Para onde caminha a Autonomia das Universidades Públicas?

Mais uma vez recorremos às imagens da mídia para lamentar e registrar as transformações que estão ocorrendo no interior das universidades públicas brasileiras: Campus universitário sitiado e ocupado pela tropa de choque, autoridades em nome da “lei” e da “ordem” justificando o uso da força, estudantes, corajosamente rebeldes, denunciando a possibilidade de caos a partir do uso de velhas estratégias de controle da ditadura; docentes e estudantes arbitrariamente sendo presos.
Assistimos a tudo isso na mesma semana em que o Brasil comemorava a duplicação do número de matrícula de jovens no Ensino Superior. Essa conquista, porém, vale a pena lembrar, só alcança apenas 14% da população de 18 a 24 anos. A meta do fracassado Plano Nacional de Educação (2000-2010) de atingirmos 30% desta população ficou muito aquém de ser conquistada e a expansão comemorada termina por esconder os verdadeiros motivos que levam os estudantes da USP, melhor instituição de ensino superior da América Latina, e os docentes e estudantes da Universidade Federal de Rondônia a não aceitarem passivamente as decisões arbitrárias de seus gestores e a se posicionarem de forma contundente contra elas.
Ao contrário do que a mídia quis mostrar durante e após as semanas que sucederam aos episódios, o aumento do número de jovens matriculados no ensino superior não significa desenvolvimento, pois o Brasil está perdendo em qualidade na formação em Ensino Superior com o crescimento indiscriminado dos setores privados, com o sucateamento e o abandono das Universidades Estaduais de estados como a Bahia, Ceará e o Rio Grande do Norte e com a luta inglória das universidades federais buscando sua ampliação física e de quadro docente para “dar conta” da expansão de vagas via REUNI. Entretanto, o maior prejuízo que podemos contabilizar nesse cenário caótico é o assédio político à autonomia das universidades brasileiras.

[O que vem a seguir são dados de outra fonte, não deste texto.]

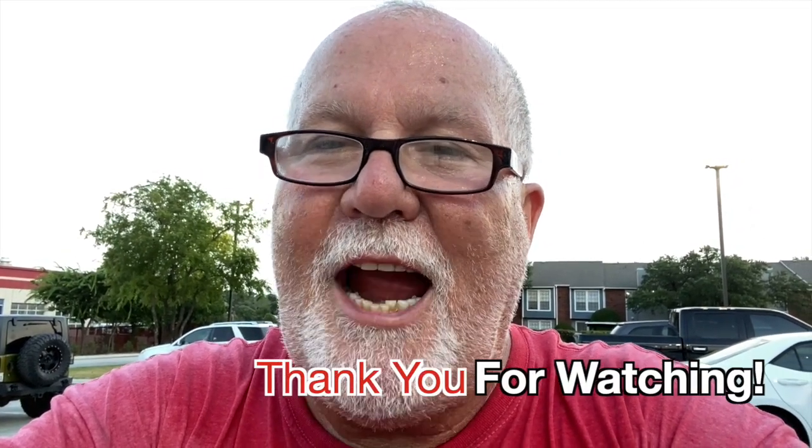Just kind of getting all these little things fixed before I head up to Sturgis. If y'all are not subscribed to me, y'all should be. Click on that little subscribe button down below and hammer the bell and you'll get an email notification that I've uploaded a video. If you like this video, give it a big thumbs up, share, comment, let me know what you think.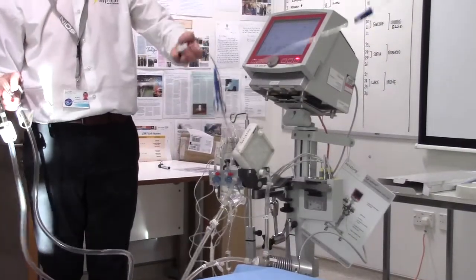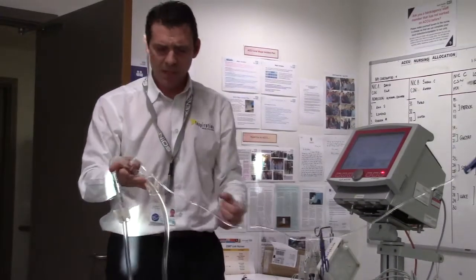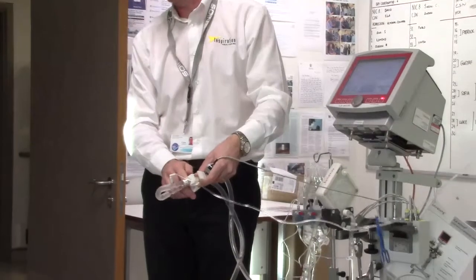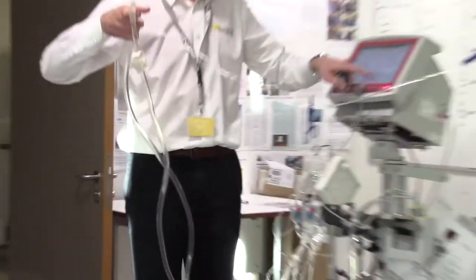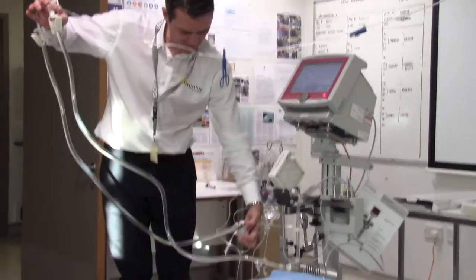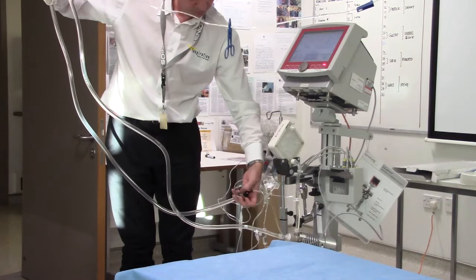There's a flow sensor to attach to the system that has an arrow pointing in the direction of flow. Looking at the system, we're taking from the patient with that arrow and giving back with the other. We're measuring the flow going back to the patient, and we've placed it just after the CVVH port.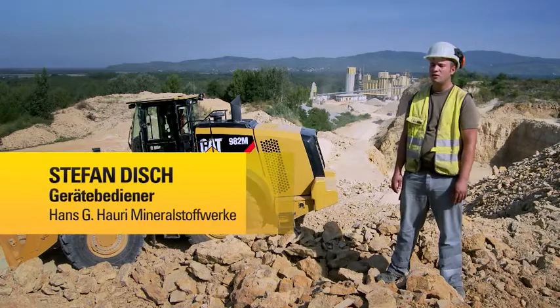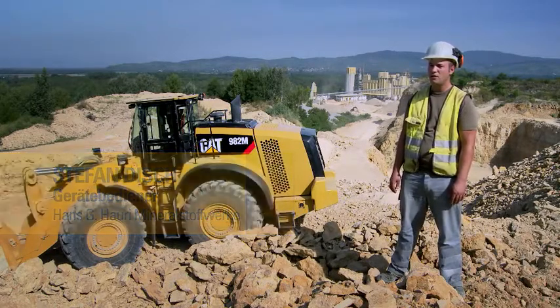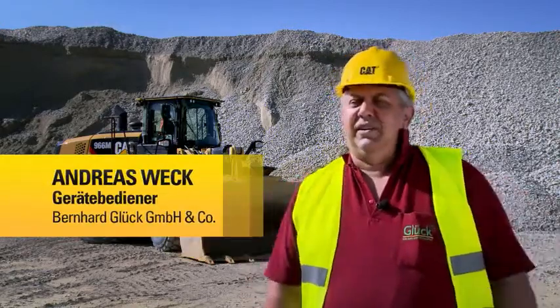The first impression on the cabin is that it's good, because it's an electrician view of the cabin. The camera itself is very good. You have a great view of the cabin and it's optimal.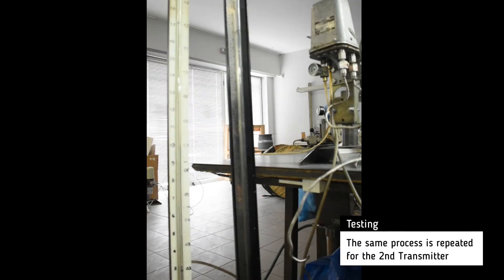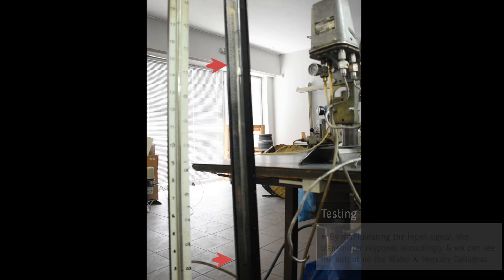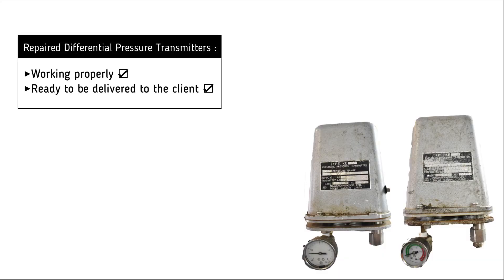The same process is repeated for the second transmitter. It is now clear that all differential pressure transmitters are working successfully and are ready to be delivered to the customer.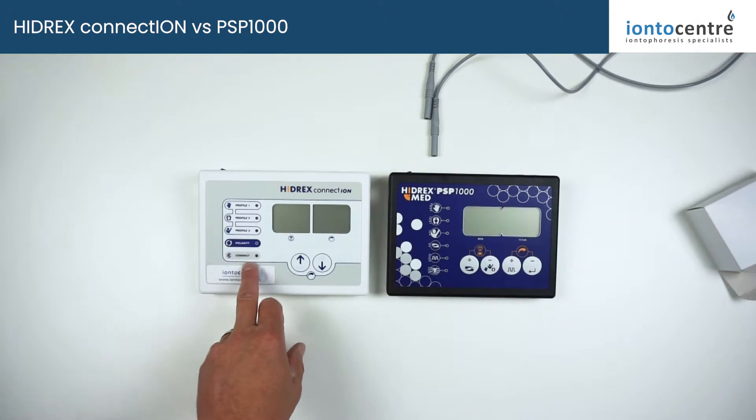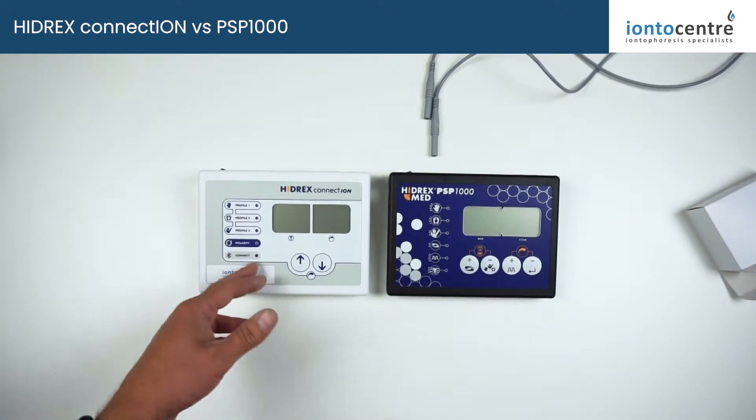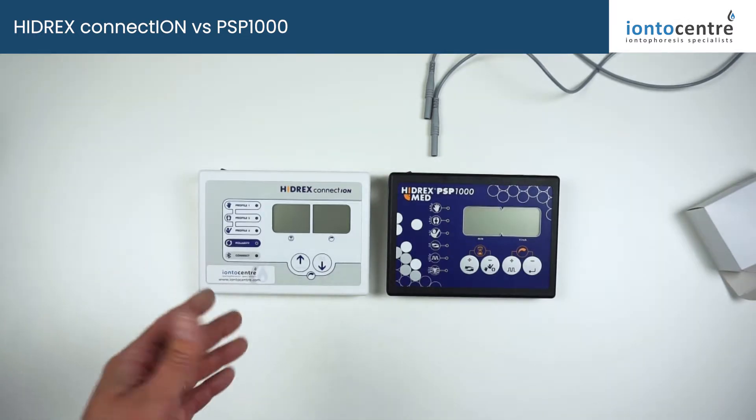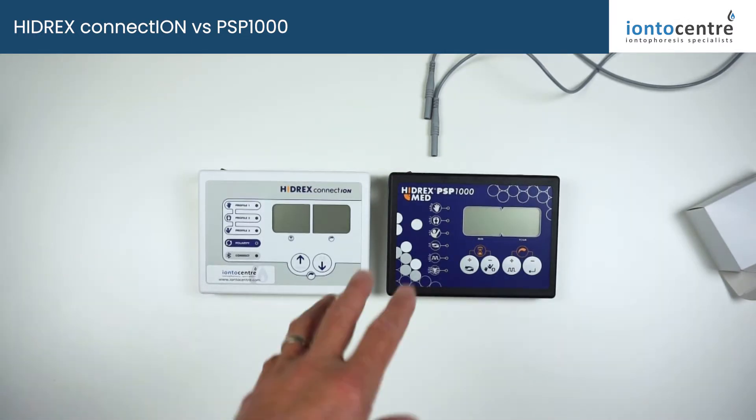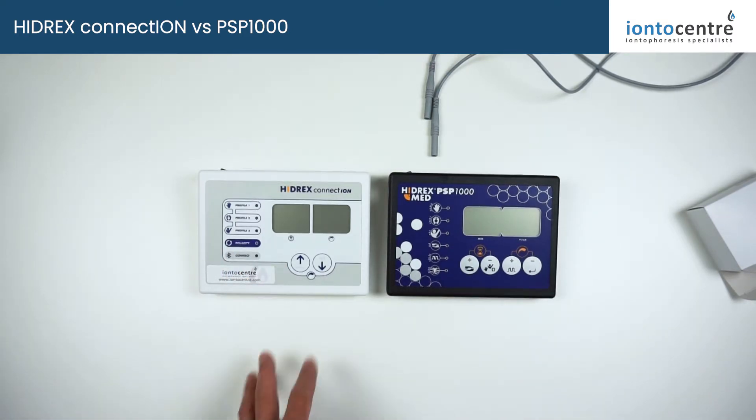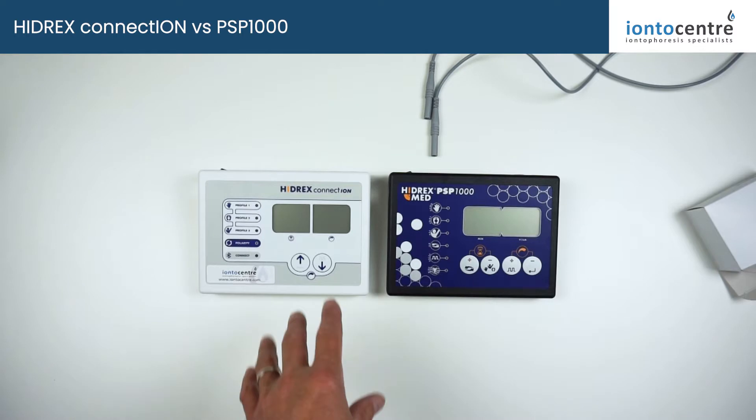It's also got Bluetooth connectivity which, via the Hydrex app, opens up a whole new host of features. We can dial in and give support, you can do voice activated control, and lots of different features from the app — but we'll talk about that in a separate video because it's a little bit more complicated than the basic operation.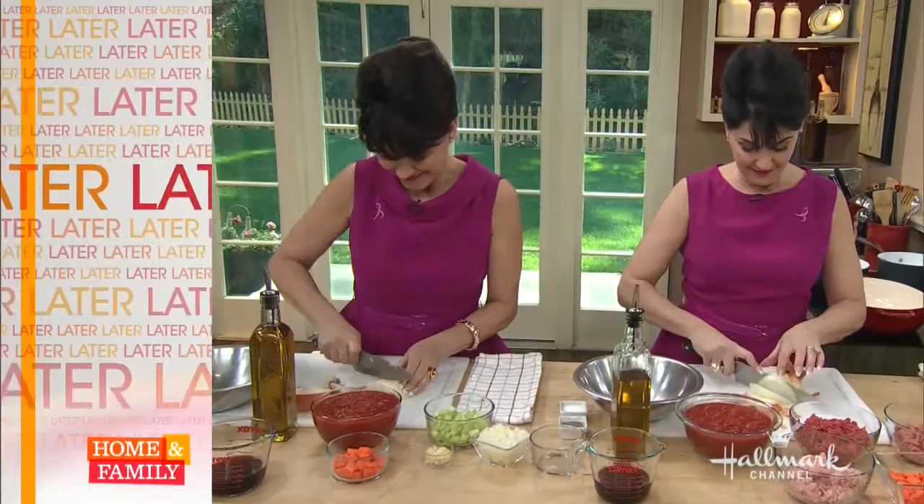Two of a kind. Coming up later, we are in the kitchen with the twice-baked twins, making two delicious pasta bolognese. One classic, one healthier.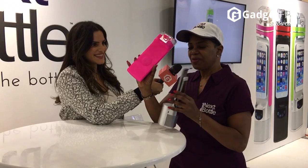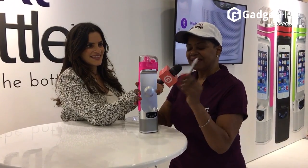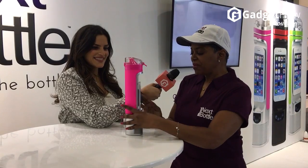It is called the Next Bottle. You have a water bottle that detaches from the base. You also have a magnetic cell phone attachment, so you don't need to run with it. You put it onto your bottle and attach it while the phone is on the base — and it's charging your phone also.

Tomemos como exemplo as duas instituições de ensino superior citadas anteriormente e que ocuparam recentemente a mídia e as redes sociais: a Universidade de São Paulo (USP) e Universidade Federal de Rondônia (UNIR). Duas instituições tão distintas, em história e em região, mas que enfrentam situações semelhantes de ameaça à sua condição de espaço democrático e de garantia de autonomia. A elite política brasileira nunca tolerou essa condição das universidades públicas brasileiras e sempre a tomou como obstáculo à implantação de suas políticas esquizofrênicas de controle da produção científica brasileira e de profissionalização da liderança produtiva nacional.
Originária da elite paulista derrotada na denominada Revolução Constitucionalista de 1932, a Universidade de São Paulo (USP) foi sempre um baluarte, uma referencia, na luta pela autonomia, pelo respeito as idéias, pela liberdade de expressão e, assim, desempenhou papel preponderante na constituição do pensamento democrático brasileiro. A Universidade Federal de Rondônia não tem o mesmo destaque nacional, mas ocupa um papel relevante  e estratégico na sua região por ser a única instituição pública de Ensino Superior do Estado e ser a melhor conceituada da região Norte do Brasil. Essas duas instituições sofrem agora o mesmo problema: a intervenção da polícia militar e federal em seus campi e o assédio imoral da mídia televisiva, ressuscitando o fantasma da ditadura militar e da repressão.
Nesse momento o que está em questão não é se a USP tem maconheiro ou se a UNIR tem arruaceiros, o que está posto em questão é a incapacidade dos gestores das universidades públicas administrarem os conflitos internos e violentarem a autonomia universitária, o princípio do diálogo e da liberdade de expressão.
Hoje não é apenas do RODAS, da Tropa de Choque, do Alckimim! Não é somente o uso de drogas! Está em jogo a autonomia universitária, a discussão aberta, democrática e plural da regulamentação do uso de drogas! De qual efetivamente é o papel das polícias! De uma concepção de educação da elite e para as elites! Ou uma educação superior pública de qualidade para todos socialmente referenciada! Da União Nacional dos Estudantes - UNE outrora representante das lutas dos estudantes e da atual cooptada e braço armado do governo federal! O que temos na USP não é somente a morte dos princípios da outrora FFCL, a separação dos Institutos e a reformulação para a atual FFLCH.
Esperamos que as autoridades públicas, a sociedade, principalmente ao egrégio conselho superior da Universidade de São Paulo e da UNIR, não resgatem as roupas usadas durante o período da ditadura militar, não esqueçam os princípios que mantiveram a USP viva como exemplo para o Brasil e América Latina, que ouçam os clamores internos e por detrás de seus muros e ousem realizar novas travessias.